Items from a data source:
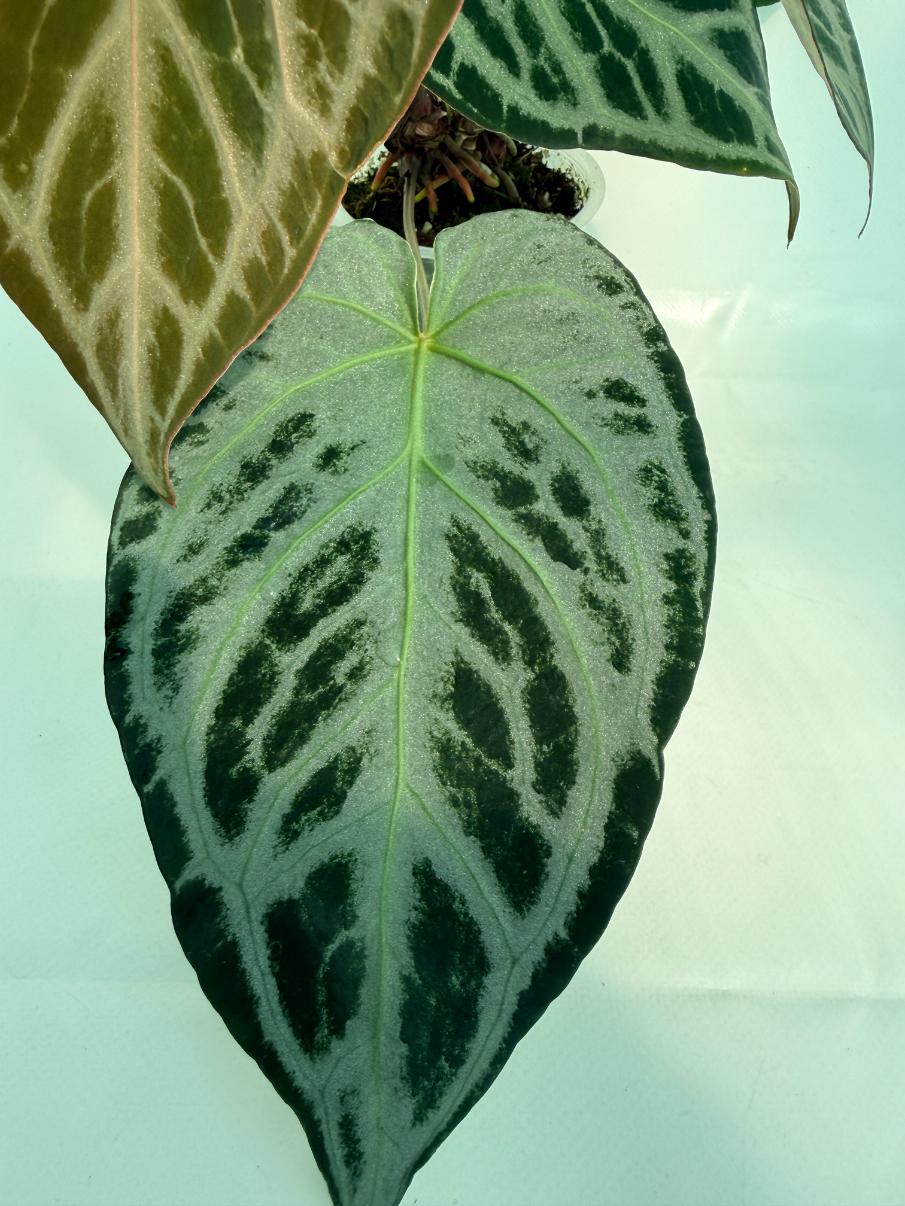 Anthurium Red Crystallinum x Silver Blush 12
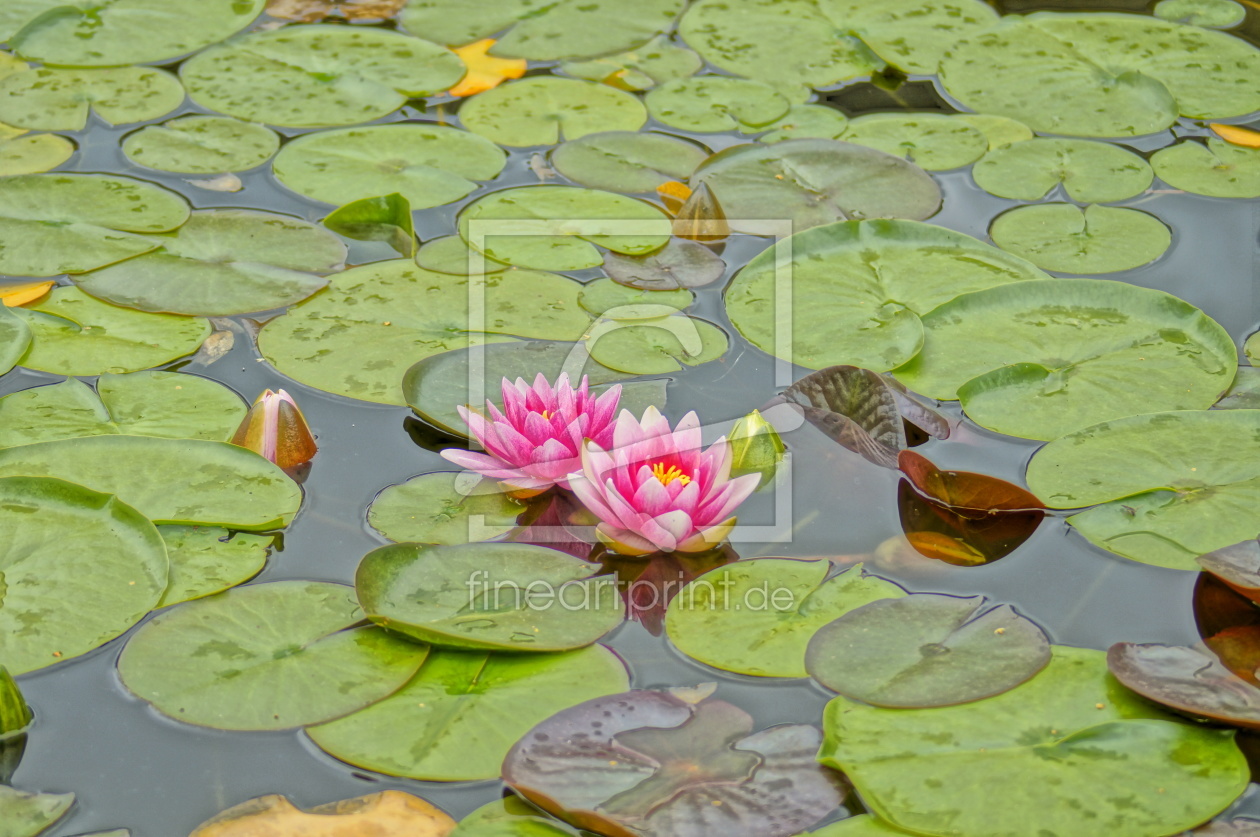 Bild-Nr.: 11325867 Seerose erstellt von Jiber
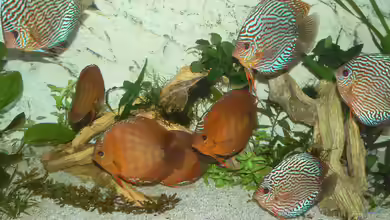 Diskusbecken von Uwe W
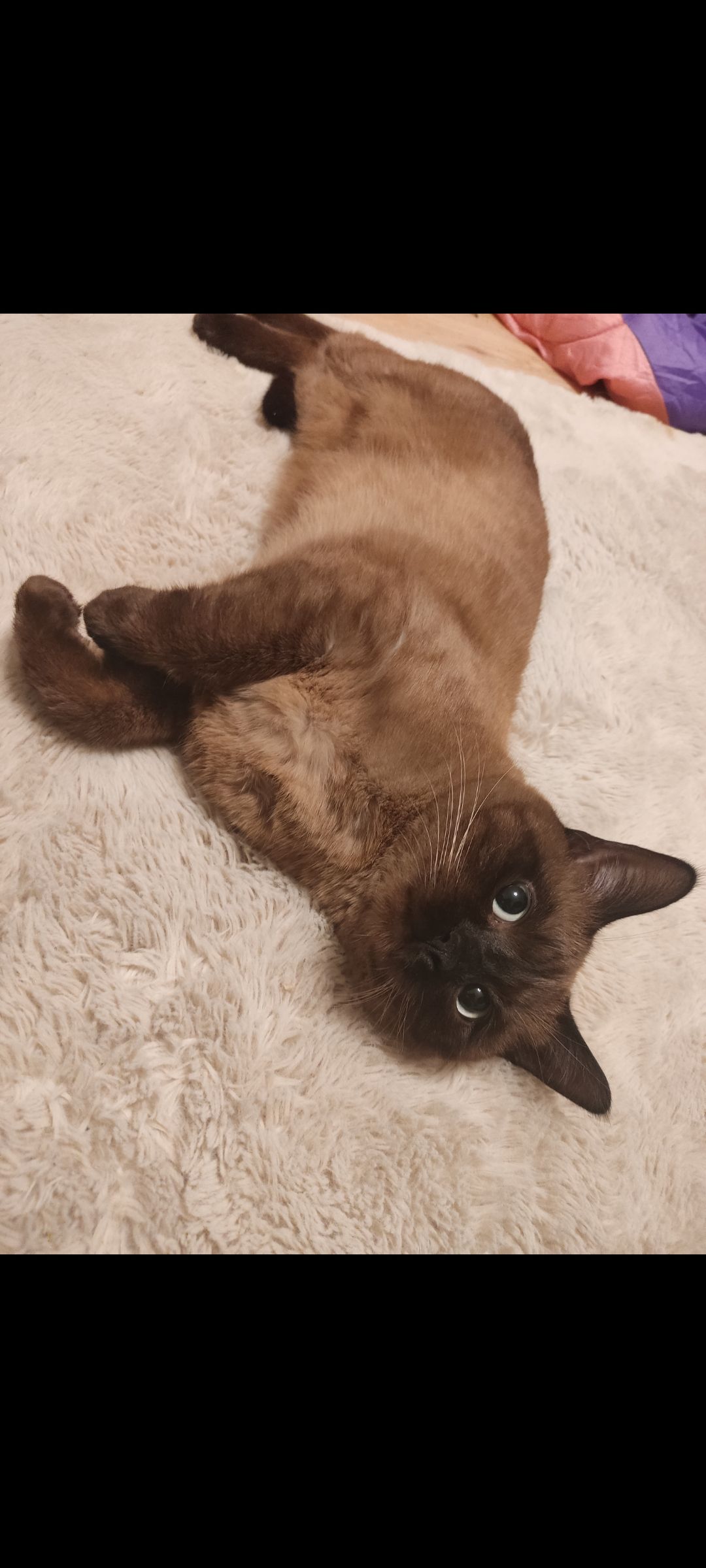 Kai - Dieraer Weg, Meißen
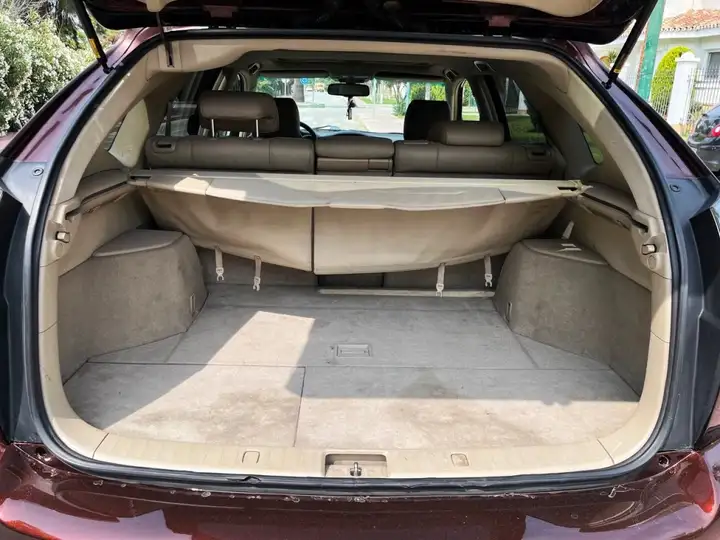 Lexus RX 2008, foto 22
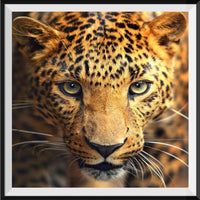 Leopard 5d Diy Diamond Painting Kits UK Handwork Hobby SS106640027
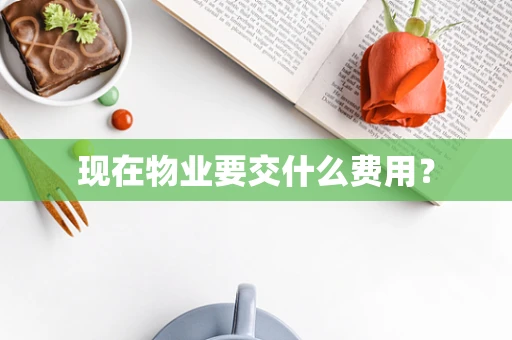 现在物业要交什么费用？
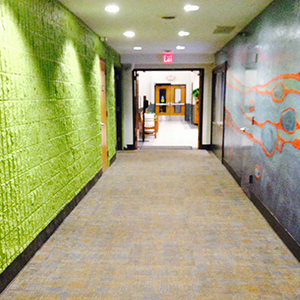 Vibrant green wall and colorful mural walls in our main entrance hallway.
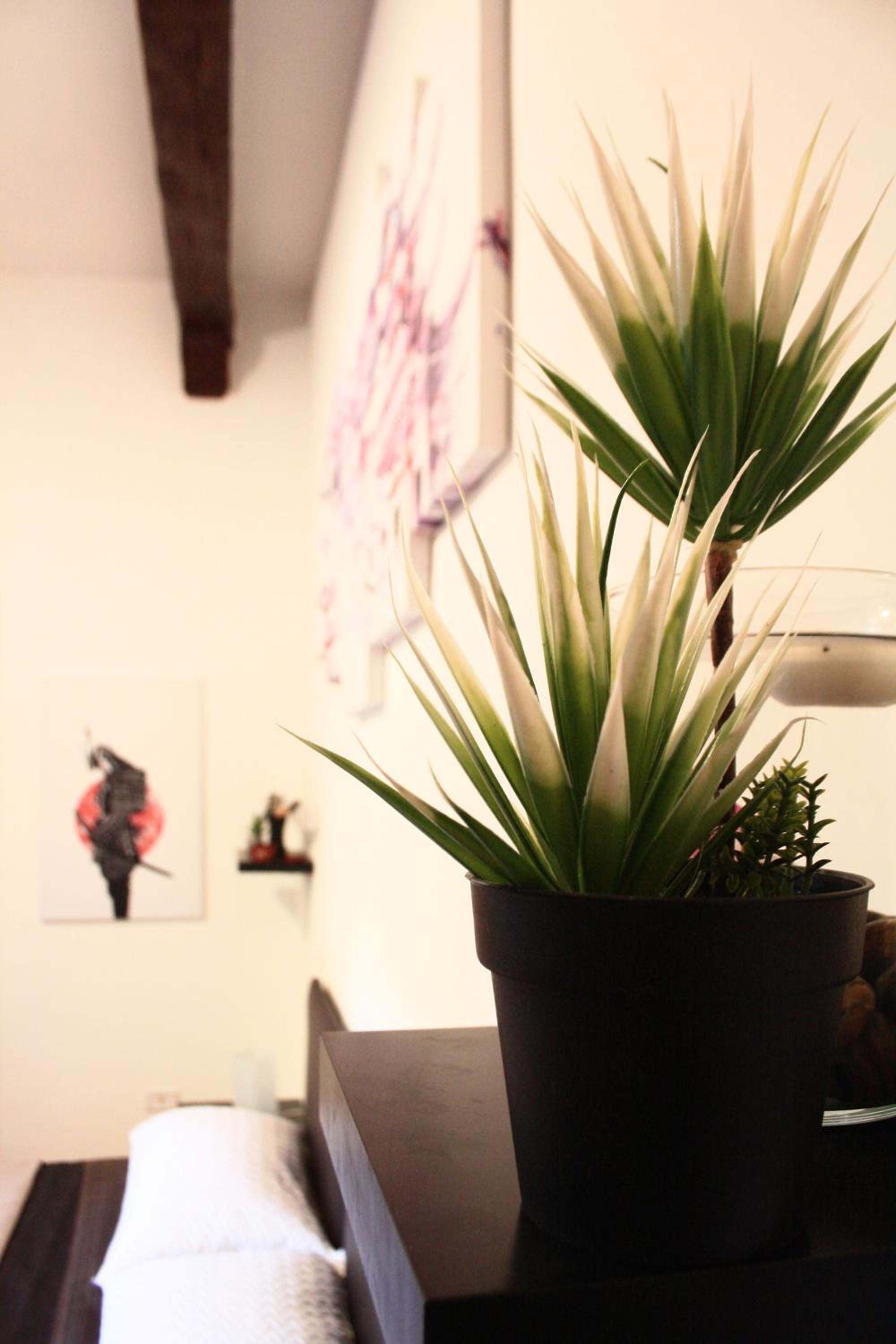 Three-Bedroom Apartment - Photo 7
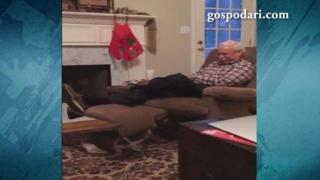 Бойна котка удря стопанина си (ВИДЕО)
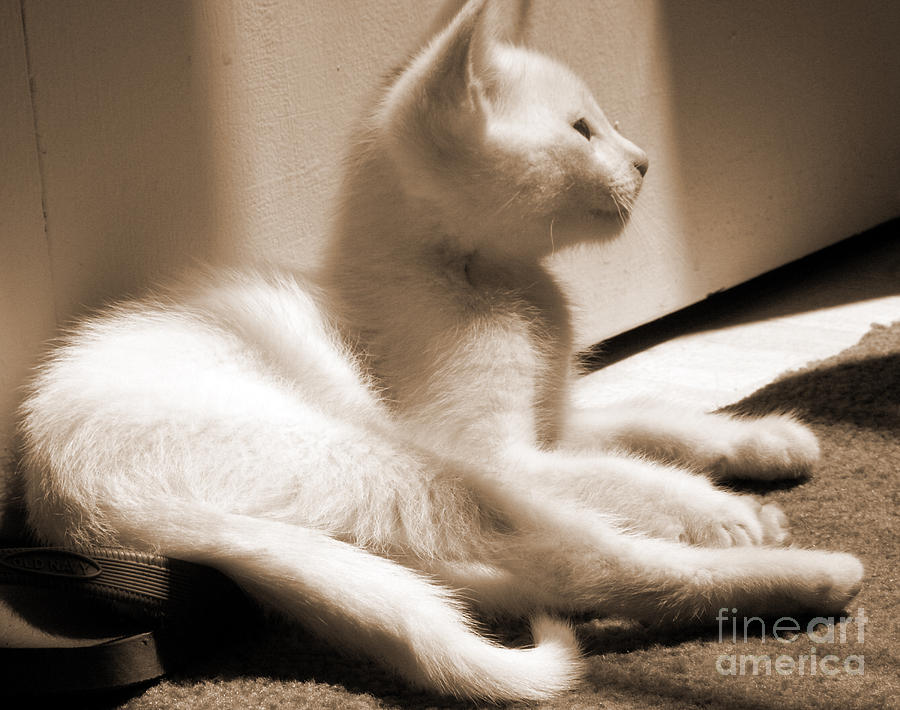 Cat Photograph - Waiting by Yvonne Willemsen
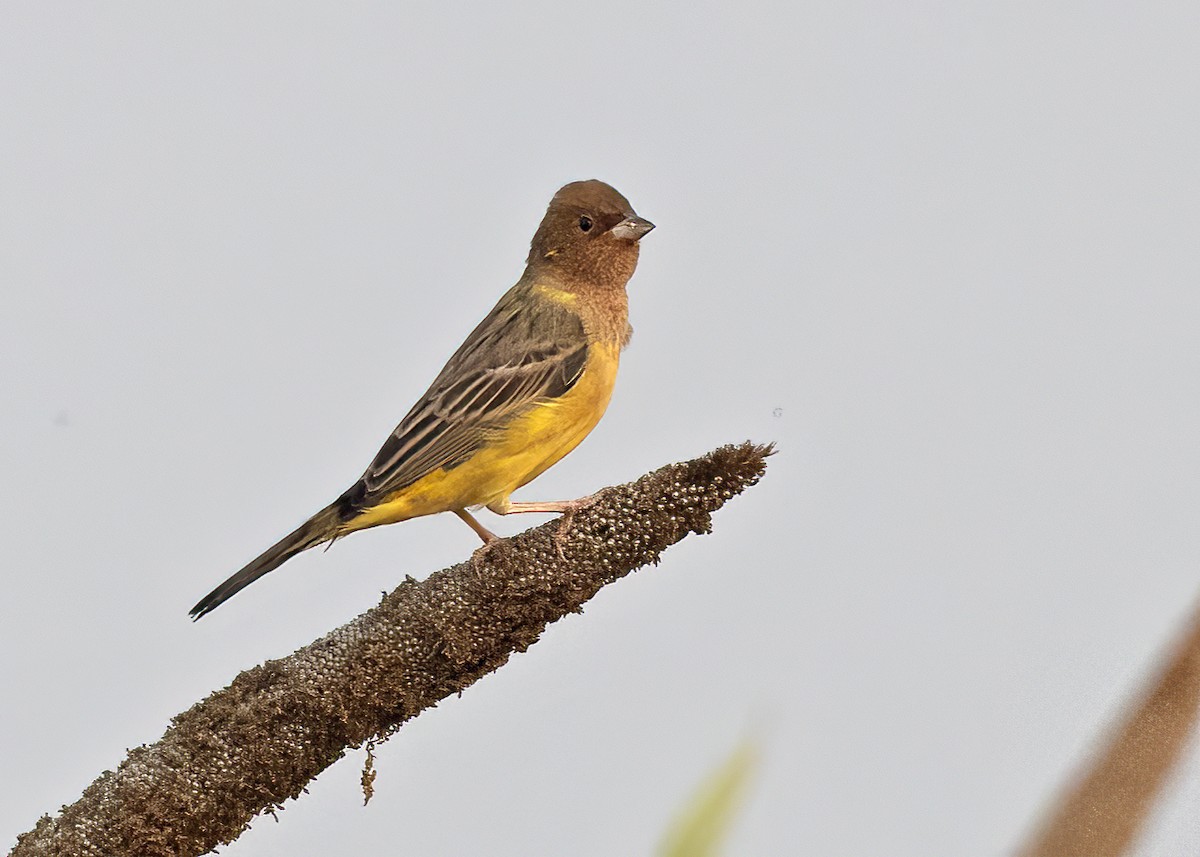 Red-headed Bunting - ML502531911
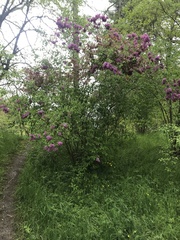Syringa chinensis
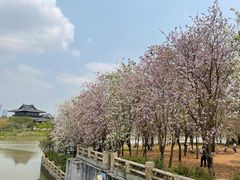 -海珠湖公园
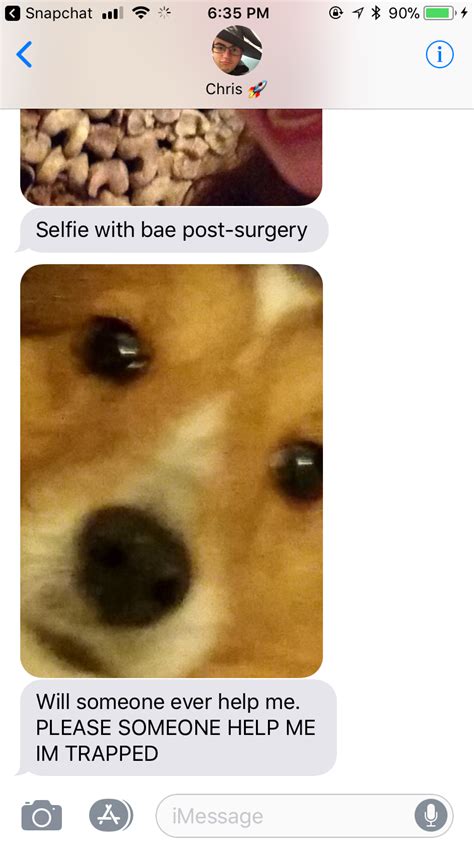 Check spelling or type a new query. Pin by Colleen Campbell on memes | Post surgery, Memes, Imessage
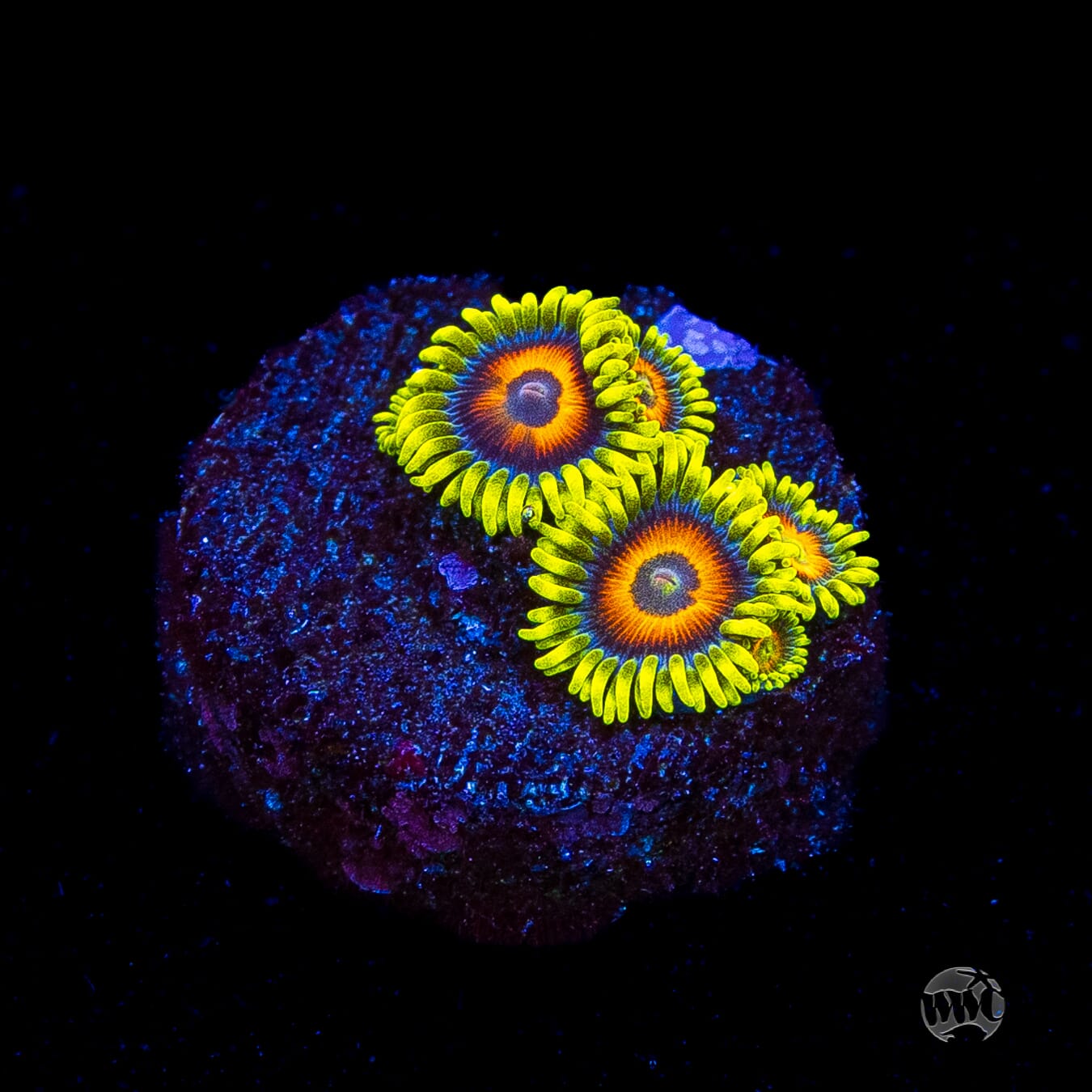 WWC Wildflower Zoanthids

How to complete this task:
From the line containing "Check spelling or" down to the last line of the entries above, copy each line exactly and nothing more. Leave pictures out.

Expected answer:
 Check spelling or type a new query. Pin by Colleen Campbell on memes | Post surgery, Memes, Imessage
 WWC Wildflower Zoanthids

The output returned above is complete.